Scientists from Zhejiang University in China have invented an ultralight carbon aerogel that has broken the record for the world’s lightest material. It’s 100 times lighter than a polystyrene foam coffee cup, and has the capacity to soak up environmental pollutants such as toluene and crude oil.
An aerogel is a synthetic, porous ultralight material derived from a gel, in which the liquid component of the gel has been replaced with a gas. This new aerogel is 100 times lighter than a polystyrene foam coffee cup, and it has a large capacity for soaking up environmental pollutants such as toluene and crude oil.

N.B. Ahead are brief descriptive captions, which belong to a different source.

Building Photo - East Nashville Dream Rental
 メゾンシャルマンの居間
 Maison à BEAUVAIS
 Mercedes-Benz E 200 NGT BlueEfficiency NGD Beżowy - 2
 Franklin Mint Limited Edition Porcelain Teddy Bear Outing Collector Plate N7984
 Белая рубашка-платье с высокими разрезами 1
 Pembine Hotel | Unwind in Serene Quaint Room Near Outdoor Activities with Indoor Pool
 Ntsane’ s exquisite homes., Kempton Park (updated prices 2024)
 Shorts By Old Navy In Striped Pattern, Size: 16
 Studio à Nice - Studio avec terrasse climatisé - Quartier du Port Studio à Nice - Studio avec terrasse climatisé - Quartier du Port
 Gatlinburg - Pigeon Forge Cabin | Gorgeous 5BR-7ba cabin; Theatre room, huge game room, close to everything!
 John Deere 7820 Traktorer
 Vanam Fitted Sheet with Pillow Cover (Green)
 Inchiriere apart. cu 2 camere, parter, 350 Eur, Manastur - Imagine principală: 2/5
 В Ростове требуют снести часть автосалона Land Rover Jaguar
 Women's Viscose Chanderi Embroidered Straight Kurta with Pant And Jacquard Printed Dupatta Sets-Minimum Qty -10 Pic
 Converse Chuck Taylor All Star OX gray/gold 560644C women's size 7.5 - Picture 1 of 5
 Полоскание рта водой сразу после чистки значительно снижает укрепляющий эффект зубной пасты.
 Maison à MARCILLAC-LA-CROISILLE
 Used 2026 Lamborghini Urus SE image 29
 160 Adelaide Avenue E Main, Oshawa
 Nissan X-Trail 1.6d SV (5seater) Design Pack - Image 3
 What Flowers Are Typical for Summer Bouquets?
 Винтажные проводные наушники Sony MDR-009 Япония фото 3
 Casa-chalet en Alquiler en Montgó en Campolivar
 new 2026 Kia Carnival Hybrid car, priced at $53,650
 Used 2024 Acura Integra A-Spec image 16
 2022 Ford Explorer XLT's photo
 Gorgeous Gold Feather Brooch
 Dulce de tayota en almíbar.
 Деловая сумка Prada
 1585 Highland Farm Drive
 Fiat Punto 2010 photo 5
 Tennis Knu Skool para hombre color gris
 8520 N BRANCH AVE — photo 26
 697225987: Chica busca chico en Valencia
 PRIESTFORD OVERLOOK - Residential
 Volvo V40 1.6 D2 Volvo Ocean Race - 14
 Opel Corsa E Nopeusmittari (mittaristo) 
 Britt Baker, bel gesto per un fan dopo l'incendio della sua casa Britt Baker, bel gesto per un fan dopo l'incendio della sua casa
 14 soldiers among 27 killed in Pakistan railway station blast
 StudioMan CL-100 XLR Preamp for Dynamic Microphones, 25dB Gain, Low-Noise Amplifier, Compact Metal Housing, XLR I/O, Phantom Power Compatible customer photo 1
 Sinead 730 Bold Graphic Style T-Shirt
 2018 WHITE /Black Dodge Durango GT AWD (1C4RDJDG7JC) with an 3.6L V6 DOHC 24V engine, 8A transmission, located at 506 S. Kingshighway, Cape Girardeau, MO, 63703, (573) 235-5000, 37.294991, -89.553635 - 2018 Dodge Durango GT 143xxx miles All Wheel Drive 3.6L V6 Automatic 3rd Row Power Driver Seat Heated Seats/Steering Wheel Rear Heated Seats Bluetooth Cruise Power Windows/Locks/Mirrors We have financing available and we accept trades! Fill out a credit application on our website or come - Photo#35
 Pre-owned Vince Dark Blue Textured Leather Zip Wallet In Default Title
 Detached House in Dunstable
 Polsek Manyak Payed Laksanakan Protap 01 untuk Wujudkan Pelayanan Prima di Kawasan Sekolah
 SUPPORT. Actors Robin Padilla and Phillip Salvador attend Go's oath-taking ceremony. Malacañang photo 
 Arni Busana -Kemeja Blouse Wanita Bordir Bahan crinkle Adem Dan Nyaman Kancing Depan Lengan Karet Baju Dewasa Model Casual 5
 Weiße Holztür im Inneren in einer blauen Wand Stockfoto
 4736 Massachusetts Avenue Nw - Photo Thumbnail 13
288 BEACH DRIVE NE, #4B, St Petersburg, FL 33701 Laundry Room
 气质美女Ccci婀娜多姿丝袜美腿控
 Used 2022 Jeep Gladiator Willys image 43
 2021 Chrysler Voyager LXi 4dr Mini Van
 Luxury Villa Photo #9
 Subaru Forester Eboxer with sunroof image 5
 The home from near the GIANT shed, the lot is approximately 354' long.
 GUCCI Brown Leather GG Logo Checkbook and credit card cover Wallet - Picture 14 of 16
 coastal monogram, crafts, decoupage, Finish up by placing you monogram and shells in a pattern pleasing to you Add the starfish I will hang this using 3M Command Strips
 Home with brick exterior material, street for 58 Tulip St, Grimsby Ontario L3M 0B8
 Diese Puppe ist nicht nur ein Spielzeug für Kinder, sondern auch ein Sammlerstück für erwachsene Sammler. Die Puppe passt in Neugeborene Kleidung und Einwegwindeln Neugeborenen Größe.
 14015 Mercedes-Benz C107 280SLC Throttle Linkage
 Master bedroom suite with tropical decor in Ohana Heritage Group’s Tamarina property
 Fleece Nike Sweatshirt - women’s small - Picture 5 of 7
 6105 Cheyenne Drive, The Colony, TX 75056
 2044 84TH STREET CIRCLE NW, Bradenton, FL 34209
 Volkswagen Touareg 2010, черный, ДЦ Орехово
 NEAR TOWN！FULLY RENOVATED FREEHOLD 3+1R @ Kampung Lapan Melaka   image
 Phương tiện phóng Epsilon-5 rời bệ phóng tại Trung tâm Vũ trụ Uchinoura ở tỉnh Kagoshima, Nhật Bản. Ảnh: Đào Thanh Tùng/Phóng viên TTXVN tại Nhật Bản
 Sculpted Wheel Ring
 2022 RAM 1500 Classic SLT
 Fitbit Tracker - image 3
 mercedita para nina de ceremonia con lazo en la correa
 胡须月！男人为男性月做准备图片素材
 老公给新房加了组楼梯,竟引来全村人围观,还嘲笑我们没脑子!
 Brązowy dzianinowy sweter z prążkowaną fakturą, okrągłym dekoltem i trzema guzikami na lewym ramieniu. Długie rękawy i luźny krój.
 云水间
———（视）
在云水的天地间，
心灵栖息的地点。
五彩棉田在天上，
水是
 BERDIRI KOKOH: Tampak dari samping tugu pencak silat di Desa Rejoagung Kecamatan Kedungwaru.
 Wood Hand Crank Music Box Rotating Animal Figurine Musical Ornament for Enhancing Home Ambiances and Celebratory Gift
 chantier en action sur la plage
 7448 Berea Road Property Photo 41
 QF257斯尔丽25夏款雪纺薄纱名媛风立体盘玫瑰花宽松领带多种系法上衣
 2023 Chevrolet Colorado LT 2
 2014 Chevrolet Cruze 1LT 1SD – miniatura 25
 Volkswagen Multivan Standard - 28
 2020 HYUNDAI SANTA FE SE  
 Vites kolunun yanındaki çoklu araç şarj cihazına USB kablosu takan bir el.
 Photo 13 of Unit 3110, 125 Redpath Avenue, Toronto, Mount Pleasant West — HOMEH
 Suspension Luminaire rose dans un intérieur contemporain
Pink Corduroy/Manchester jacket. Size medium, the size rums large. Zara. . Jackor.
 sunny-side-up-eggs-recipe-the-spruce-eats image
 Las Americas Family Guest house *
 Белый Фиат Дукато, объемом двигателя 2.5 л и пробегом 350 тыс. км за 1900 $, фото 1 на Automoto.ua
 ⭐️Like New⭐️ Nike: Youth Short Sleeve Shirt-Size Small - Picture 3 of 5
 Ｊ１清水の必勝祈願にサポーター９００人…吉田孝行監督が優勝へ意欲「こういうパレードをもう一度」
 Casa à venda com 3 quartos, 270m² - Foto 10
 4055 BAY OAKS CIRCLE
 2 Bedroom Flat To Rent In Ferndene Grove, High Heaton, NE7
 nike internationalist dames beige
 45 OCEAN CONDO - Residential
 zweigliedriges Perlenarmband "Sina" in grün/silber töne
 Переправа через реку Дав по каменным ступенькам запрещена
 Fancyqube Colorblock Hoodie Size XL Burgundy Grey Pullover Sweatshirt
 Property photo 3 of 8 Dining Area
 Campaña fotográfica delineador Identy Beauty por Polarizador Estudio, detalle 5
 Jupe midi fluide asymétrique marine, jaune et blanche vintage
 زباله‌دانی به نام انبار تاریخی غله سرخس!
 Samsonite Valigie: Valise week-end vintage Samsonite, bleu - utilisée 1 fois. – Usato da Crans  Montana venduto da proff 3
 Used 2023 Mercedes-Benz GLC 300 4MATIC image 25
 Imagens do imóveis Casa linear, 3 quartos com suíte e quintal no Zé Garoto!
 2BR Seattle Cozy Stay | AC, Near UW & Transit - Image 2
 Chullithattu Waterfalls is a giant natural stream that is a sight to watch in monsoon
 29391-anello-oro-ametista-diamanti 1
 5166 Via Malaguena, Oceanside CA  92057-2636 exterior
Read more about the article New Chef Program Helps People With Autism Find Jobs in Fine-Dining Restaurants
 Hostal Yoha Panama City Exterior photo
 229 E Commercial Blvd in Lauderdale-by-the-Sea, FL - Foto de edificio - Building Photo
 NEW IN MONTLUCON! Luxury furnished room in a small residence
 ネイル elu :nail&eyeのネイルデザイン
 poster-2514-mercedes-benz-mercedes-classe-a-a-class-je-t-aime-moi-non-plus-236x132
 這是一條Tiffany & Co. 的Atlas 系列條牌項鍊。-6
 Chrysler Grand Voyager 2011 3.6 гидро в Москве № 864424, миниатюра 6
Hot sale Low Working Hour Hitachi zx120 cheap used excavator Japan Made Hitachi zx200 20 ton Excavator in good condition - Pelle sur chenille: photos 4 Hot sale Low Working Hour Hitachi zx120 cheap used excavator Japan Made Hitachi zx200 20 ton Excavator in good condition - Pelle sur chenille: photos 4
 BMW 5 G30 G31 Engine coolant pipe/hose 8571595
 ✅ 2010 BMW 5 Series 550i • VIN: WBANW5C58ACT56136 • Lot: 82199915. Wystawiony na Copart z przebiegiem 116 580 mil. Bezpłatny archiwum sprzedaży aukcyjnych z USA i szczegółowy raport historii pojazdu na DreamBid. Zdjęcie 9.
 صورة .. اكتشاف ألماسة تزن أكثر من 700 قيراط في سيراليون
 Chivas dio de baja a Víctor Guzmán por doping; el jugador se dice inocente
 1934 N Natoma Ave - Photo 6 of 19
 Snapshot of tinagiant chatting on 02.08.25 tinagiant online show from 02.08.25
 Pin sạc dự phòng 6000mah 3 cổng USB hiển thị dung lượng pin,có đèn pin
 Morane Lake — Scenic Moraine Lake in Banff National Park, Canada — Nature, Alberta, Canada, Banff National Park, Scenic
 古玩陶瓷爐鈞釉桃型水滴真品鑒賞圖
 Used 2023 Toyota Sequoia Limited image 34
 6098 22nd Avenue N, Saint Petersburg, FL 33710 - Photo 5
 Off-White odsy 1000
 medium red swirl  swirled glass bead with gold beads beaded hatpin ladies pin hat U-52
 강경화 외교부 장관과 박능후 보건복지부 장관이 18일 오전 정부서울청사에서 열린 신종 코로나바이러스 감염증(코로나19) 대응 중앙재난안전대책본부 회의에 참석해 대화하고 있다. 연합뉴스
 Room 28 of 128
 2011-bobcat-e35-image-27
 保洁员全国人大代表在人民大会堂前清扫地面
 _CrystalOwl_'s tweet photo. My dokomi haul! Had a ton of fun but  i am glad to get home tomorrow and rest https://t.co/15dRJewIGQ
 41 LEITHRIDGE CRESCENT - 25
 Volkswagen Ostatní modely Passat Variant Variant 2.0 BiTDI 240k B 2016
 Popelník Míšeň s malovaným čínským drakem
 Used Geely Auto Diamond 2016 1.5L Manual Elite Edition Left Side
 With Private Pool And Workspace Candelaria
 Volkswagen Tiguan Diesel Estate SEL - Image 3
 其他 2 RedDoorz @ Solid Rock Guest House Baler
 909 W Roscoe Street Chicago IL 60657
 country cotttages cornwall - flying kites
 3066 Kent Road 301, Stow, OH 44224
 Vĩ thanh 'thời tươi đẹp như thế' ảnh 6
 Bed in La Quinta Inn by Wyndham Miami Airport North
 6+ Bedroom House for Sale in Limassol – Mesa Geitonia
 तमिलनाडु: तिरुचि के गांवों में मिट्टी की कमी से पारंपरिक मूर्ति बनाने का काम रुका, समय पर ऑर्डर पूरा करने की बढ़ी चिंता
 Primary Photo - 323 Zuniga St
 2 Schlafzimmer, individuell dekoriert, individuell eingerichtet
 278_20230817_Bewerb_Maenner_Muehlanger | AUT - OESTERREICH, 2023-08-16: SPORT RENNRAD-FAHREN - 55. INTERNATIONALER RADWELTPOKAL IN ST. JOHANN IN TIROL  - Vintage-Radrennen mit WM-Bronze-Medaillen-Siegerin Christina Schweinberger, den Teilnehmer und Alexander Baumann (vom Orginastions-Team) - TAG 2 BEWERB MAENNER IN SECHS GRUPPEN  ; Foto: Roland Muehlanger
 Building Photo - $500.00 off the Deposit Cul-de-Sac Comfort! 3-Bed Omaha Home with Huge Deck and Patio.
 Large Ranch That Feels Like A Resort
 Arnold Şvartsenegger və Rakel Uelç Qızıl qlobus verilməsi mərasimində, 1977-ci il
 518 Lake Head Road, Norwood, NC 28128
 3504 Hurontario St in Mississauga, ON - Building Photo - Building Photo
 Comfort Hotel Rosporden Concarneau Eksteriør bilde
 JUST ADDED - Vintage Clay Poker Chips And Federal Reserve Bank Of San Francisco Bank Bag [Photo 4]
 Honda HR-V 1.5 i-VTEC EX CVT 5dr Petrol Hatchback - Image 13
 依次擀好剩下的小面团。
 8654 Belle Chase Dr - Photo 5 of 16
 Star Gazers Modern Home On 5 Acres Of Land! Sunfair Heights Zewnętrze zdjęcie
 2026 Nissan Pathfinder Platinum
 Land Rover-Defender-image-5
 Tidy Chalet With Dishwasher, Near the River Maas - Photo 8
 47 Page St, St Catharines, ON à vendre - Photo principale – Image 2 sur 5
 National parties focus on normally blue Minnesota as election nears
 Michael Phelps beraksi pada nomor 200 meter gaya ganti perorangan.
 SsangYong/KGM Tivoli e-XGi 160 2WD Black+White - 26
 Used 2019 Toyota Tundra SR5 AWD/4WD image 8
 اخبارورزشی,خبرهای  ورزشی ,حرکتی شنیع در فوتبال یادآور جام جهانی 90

The ultralight carbon aerogel was produced when scientists freeze-dried a gel solution of carbon nanotubes and graphene. Because the aerogel contains many pores filled with air, it is exceptionally light and has a density of only 0.16 milligrams per cubic centimeter. As of 2013, the aerogel is the world’s lightest material ever produced.
Ultralight carbon aerogel resting on a cherry blossom
Previous records for the world’s lightest material were held by American scientists in 2011 (0.9 mg/cm3) and German scientists in 2012 (0.18 mg/cm3). Professor Chao Gao, a scientist affiliated with the Department of Polymer Science and Engineering at Zhejiang University in China, commented on the findings in a news release. He said," Carbon aerogel is expected to play an important role in pollution control such as oil spill control, water purification and even air purification."
The scientists compared the absorption capacity of the new ultralight carbon aerogel to several commercially available products and found that the aerogel was seven times better at soaking up organic solvents such as ethanol, crude oil, motor oil, toluene and vegetable oil. Also promising was the freeze-drying process, which was able to produce the aerogel much more efficiently than traditional production methods.
Besides using the ultralight carbon aerogel for environmental remediation purposes, the scientists are hoping to conduct additional research in the future to see how well the aerogel might perform in other engineering applications including energy insulation and sound proofing.
Professor Gao Chao’s research team in a lab at Zhejiang University. Co-authors of the study included Haiyan Sun and Zhen Xu. The research was funded in part by the National Natural Science Foundation of China and the Qianjiang Talent Foundation of Zhejiang.